Franz Michael Vierthaler (25 September 1758 – 3 October 1827) was a pedagogue from the Holy Roman Empire and later the Austrian Empire.

==Life==
Vierthaler was born in Mauerkirchen, Upper Austria. As his parents were poor, he was a choir-boy at the Benedictine Abbey of Michaelbeuren and at Salzburg. At Salzburg he also attended the gymnasium and from 1776 to 77, he took the law course at the university, though his favourite study was classical languages. In 1783 he became instructor at the Virgilian college for nobles at Salzburg.

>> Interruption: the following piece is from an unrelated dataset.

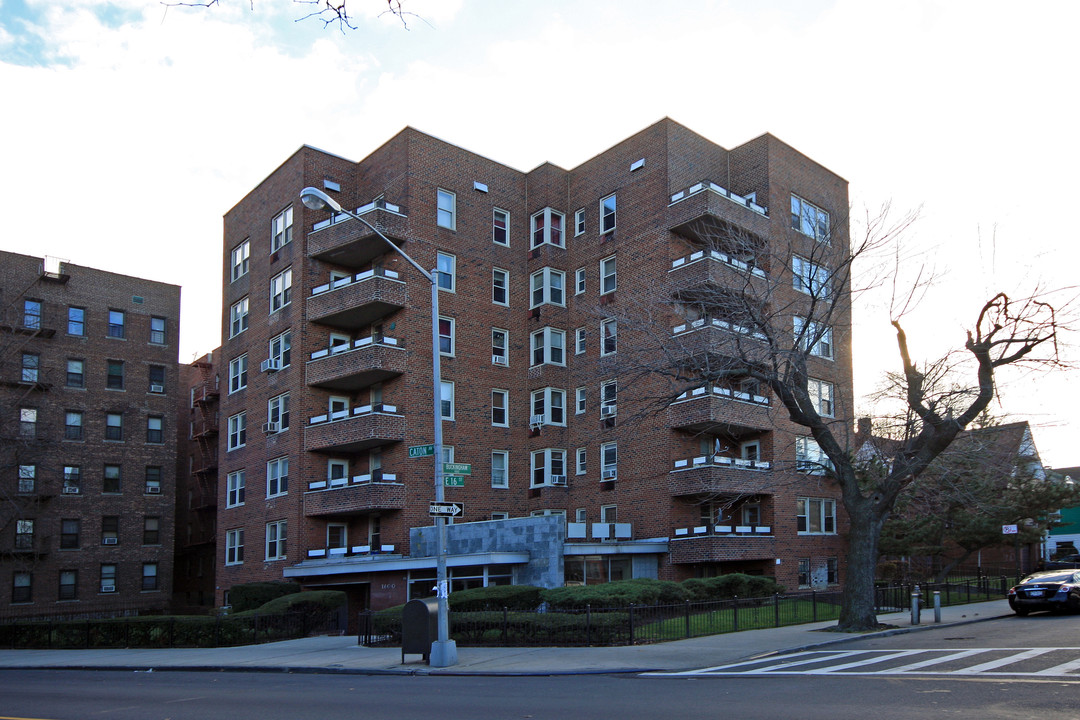 1600 Caton Ave in Brooklyn, NY - Foto de edificio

By teaching history, Vierthaler was led to write his Philosophische Geschichte der Menschheit (7 vols., 1787–1819). The first volume attracted attention and gained for Vierthaler, in 1790, the position of director of the seminary for teachers at Salzburg, which the archbishop had established for the betterment of the primary schools. In the same year he began a course of catechetical instruction for the students of the seminary for boys, and in 1791 pedagogical lectures at the university.

In 1796, Vierthaler was made court librarian. From 1800 to 1802 he edited the Salzburger Literaturzeitung, and from 1799 to 1806 the Salzburger Staatszeitung. He married in 1802. In 1803 he was appointed supervisor of the public schools in the Duchy of Salzburg, and in 1804, supervisor of the two orphan asylums. Three years later, when Salzburg was made part of Austria, the Austrian Government called him to Vienna, where he took charge of the orphan asylum.

In 1815, the young Franz Schubert, then a teacher at a school where Vierthaler was headmaster, composed a cantata in Vierthaler's honor.

Vierthaler was a strong advocate of practical training in teaching. He kept up a correspondence with the young teachers from the seminary and encouraged their zeal. He prepared a unified plan of studies for schools that he visited, sought to provide good and cheap schoolbooks and other aids to study, and succeeded in arousing public interest in the cause of the schools.

The Catholic Encyclopedia describes Vierthaler as "a master in his calling, distinguished by the clearness, simplicity, and practicalness of his teachings." He laid more emphasis than other teachers of his era on the principle that instruction should subserve education. The aim of his pedagogical method was a "noble humanity transfigured by God". The basis of all his efforts was the Catholic Faith which he placed above everything else. Like Overberg he regarded the personality of the teacher as the most important thing in education. In many respects he was ahead of his times, e.g. in his high estimation of the teaching of the natural sciences and of physical training; also in his opposition to corporal punishment.

==Works==
Vierthaler's three chief pedagogical works are:

- Elemente der Methodik und Padagogik (1791)
- Geist der Sokratik (1793)
- Entwurf der Schulerziehungskunde (1794)

Besides his pedagogical writings Vierthaler wrote a large number of schoolbooks and books for children; among these are an edition of the Gospels and Epistles and a geography of Salzburg.